While the visit of Ariel Sharon and his huge armed entourage to Jerusalem's holy places provoked the Palestinian eruption, the anger that lay behind it had been building up for years. Far from alleviating the suffering of the Palestinians, the land-for-peace deals organised under the Oslo and Wye Valley agreements have exacerbated the wretched conditions of their existence.

The scale of the riots far outweighs that of the intifida in the late 1980s, and expresses the Palestinians' growing disillusionment with the misnamed peace process. As Arafat himself has acknowledged, the days when he was one of the most popular figures among the Palestinians and particularly the youth have long gone. These forces now tear up his picture. Had the peace process brought any tangible benefits for the masses, Arafat would have been able to go before them, condemn Israel's provocation and appeal for calm. Instead, he was both invisible and silent as the battle raged between the Palestinians and the Israeli armed forces. Never known for being camera shy in the past, he was conspicuously absent from the world's television screens. His first act was to race as fast as he could to meet Albright and Barak.

Arafat's political isolation graphically illustrates the failure of the perspective of bourgeois nationalism to achieve a progressive solution for the Palestinians. It has proved to be a blind alley that serves overwhelmingly the interests of the privileged few, not those of the workers, peasants and their families.

Barak, on the other hand, despite winning a landslide victory only last year on a “land for peace” platform, is beholden to the right-wing nationalist parties and fanatical religious movements that hold Israeli politics in a vice. Progress in the peace talks was entirely dependent upon accommodating them, despite their opposition to a deal with Arafat and the Palestinians. At every point, he made concessions to his right-wing coalition partners. Shas, a religious party, demanded and won funding for its network of religious colleges, schools and welfare services. Yisrael B'Aliya, the Russian immigrant party, refused to yield the Zionist settlements on the West Bank and East Jerusalem.
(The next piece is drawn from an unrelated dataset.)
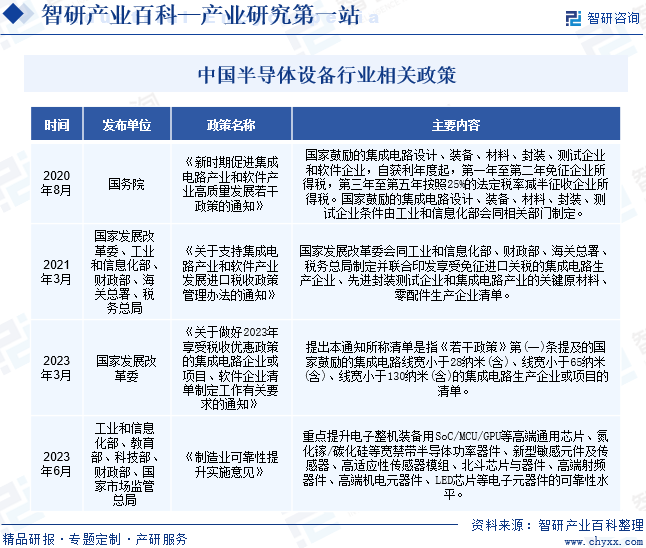 中国半导体设备行业相关政策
Barak faces the imminent collapse of his government when parliament reconvenes at the end of October. He calculated that, despite the risks entailed in allowing Ariel Sharon and the Likud Party's provocative visit to Jerusalem's holy places to demonstrate Israel's sovereignty over the whole of Jerusalem, the risks in alienating Likud and its supporters were even greater. Even though the security forces on the Temple Mount could have turned Sharon and his huge armed entourage away, Barak allowed the visit to go ahead.

Barak has not uttered one word of criticism of Sharon. Instead his government have blamed the Palestinians for the bloodshed his visit unleashed.

Dependent upon maintaining a Jewish majority for the peace talks, Barak turned his back on the Arab MPs, who represent 20 percent of Israel's population and who support the peace process. Although materially much better off than Arabs in the Palestinian-controlled areas, their incomes are much lower than the Israeli average. They face systematic discrimination in jobs, schools, housing and social services. No new Arab towns have been built, and until a court decision earlier this year, Israeli Arabs were barred from buying land and building homes in much of Israel. As a result, their towns are cramped and squalid.

Now, for the first time, Israeli Arabs have come out on the streets to openly support their Palestinian brothers outside Israel's borders. Uprisings have broken out in Nazareth, in the north of Israel, and even more importantly in Jaffa, part of the Tel Aviv conurbation. Israeli citizens are now being shelled and 11 Israeli Arabs have lost their lives during the protests. The prospect of civil war looms.

In response, Barak is seeking to form an emergency government with Likud—the very force responsible for the present situation.